Images printed close to the time the camera shutter clicked are valued by collectors, especially those never published by a magazine and new to the market, Ms. Foresta added. Rivaling them are later platinum or palladium prints by photographers like Penn, recognizable by their matte surface, rich tone and wide range of grays.

Even uncredited fashion images, called vernacular photographs, are becoming a “hot, hot new genre right now,” Ms.
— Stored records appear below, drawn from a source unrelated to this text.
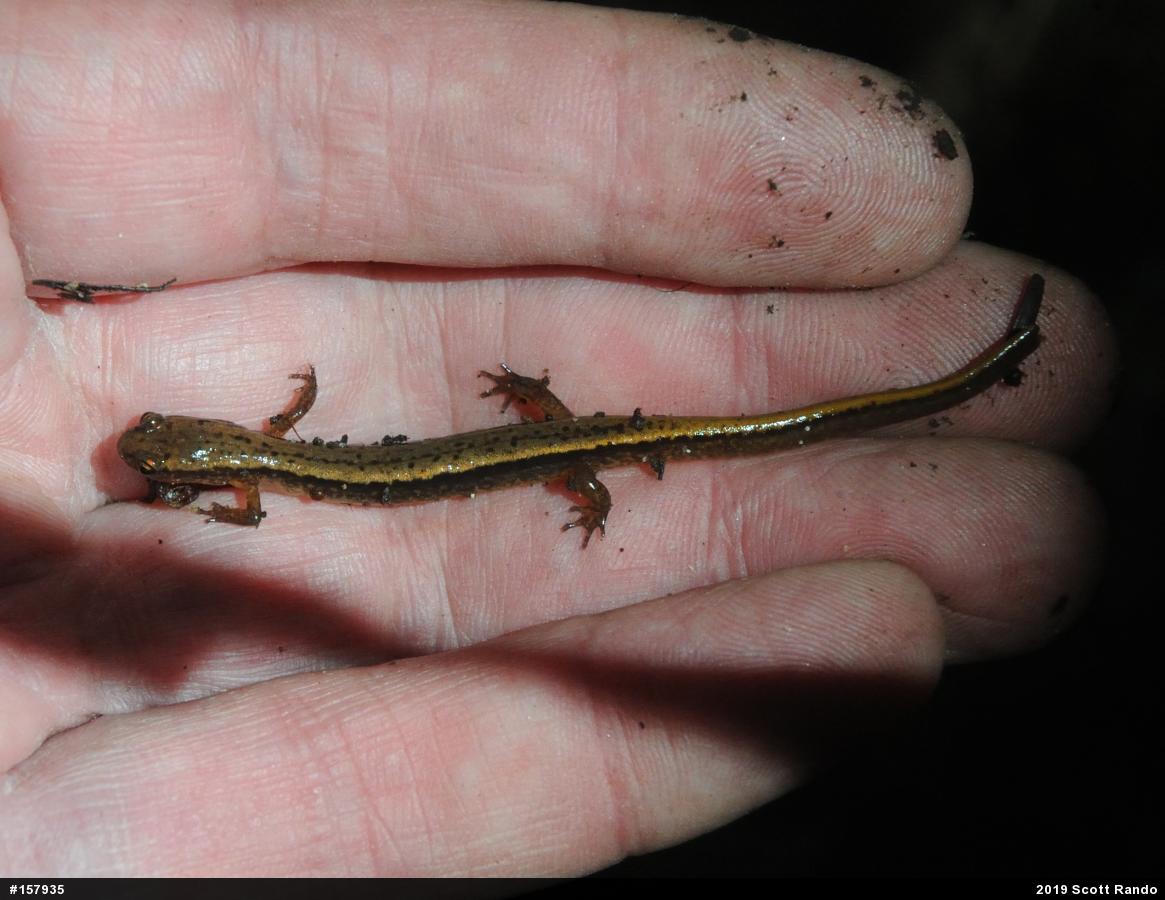 Northern Two-lined Salamander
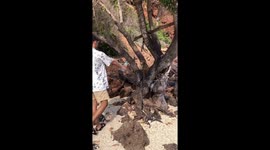 Hiker gives thirsty monkey a drink of water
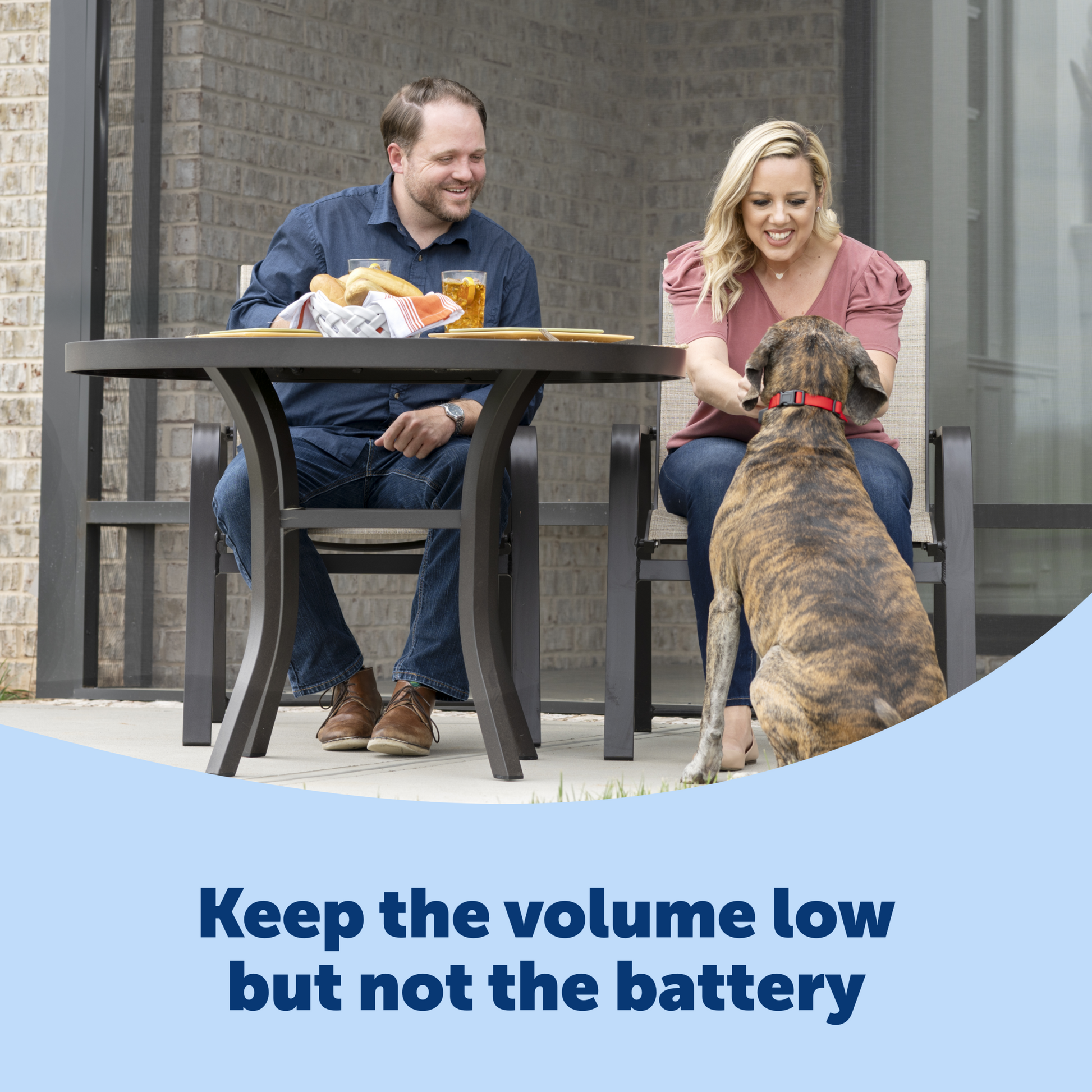 Basic Bark Control Collar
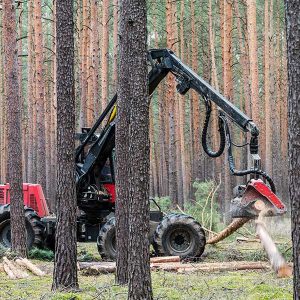 La mécanisation et la coupe des arbres en forêt sont souvent mal perçues © Pixabay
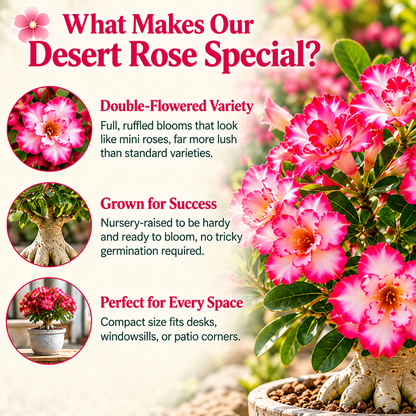 ✨🌸 Desert Rose – Low-Maintenance Exotic Flowering Plant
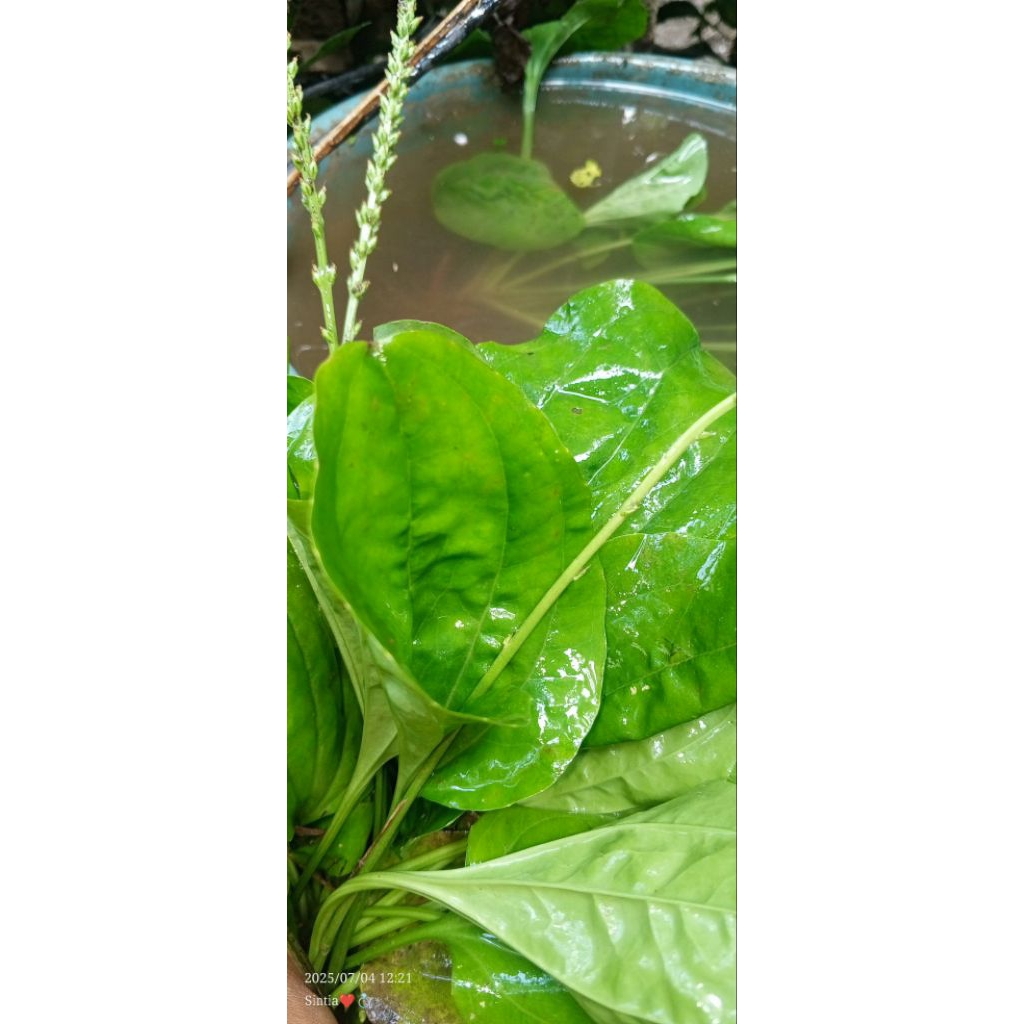 

Daun ki urat / daun sendok 500g fres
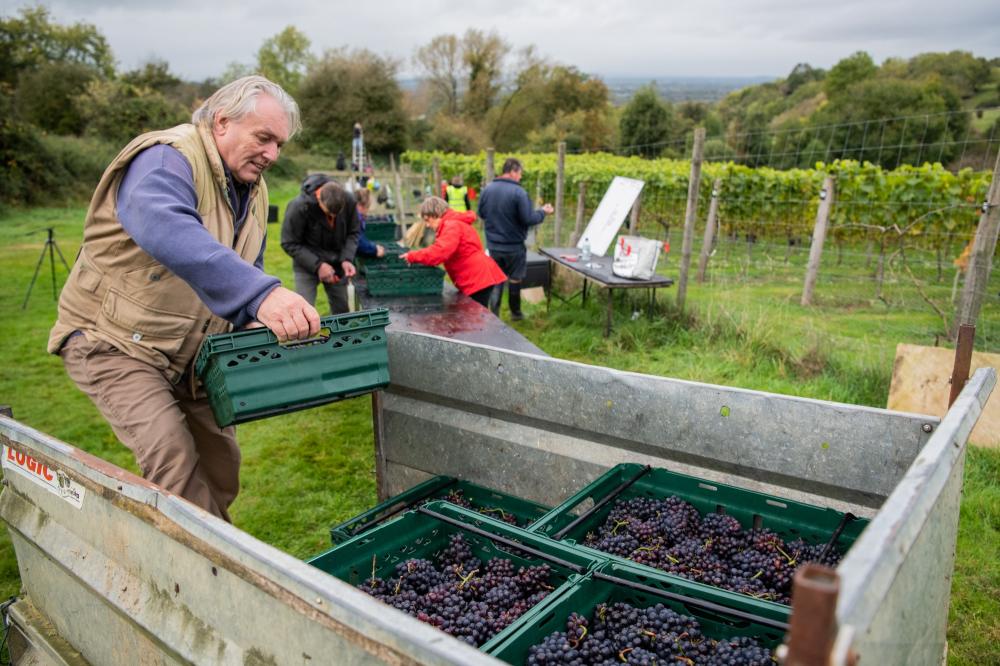 pinot noir grape harvest at english winery lifestyle photography by Amy Murrell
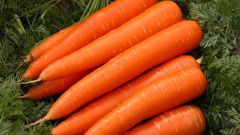 Как вырастить крупную и сладкую морковку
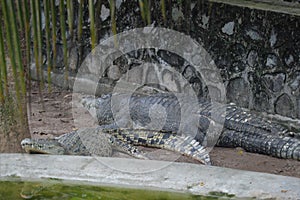 Australia Freshwater Crocodile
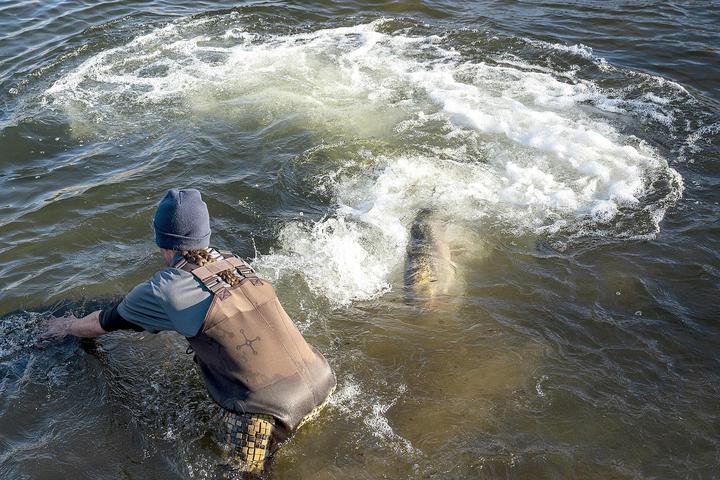 Kemo Scott, a fish technician with the Kelt Reconditioning Project, holds a large tube directing steelhead into the Snake River below the Lower Granite Dam. . (Pete Caster / Tribune/Pete Caster)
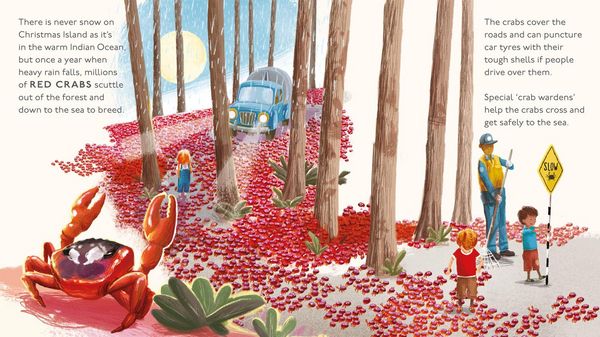 Produktbild: Amazing Animal Journeys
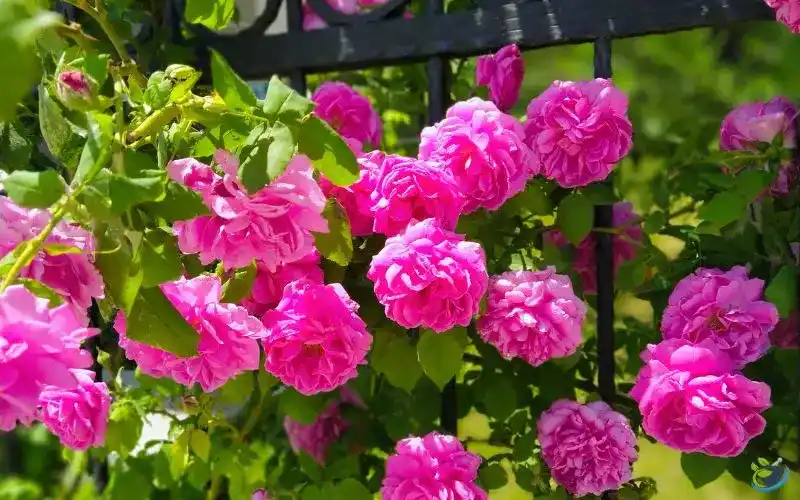 تصویر 3 از قیمت خرید گل محمدی تازه عمده به صرفه و ارزان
Kaplan said.

“They can be commercial studio photos, or images that are cool and curious, and we might not even know who the photographer was because they are uncredited, but the image rises to the top and is very much a compelling picture, a statement, an observation,” she said.

At the most recent Swann sale, a group of three fashion images taken by an unknown photographer in the late 1950s to ’60s sold for $975. “They’re just marvelous and fun,” Ms. Kaplan said.

And collecting has certainly been fun for Larry and Melissa Lax. The true worth of their collection, they say, is how the photos make them feel.

“We’ve become attached to each one,” Ms. Lax said. “I love them all. They make me smile.”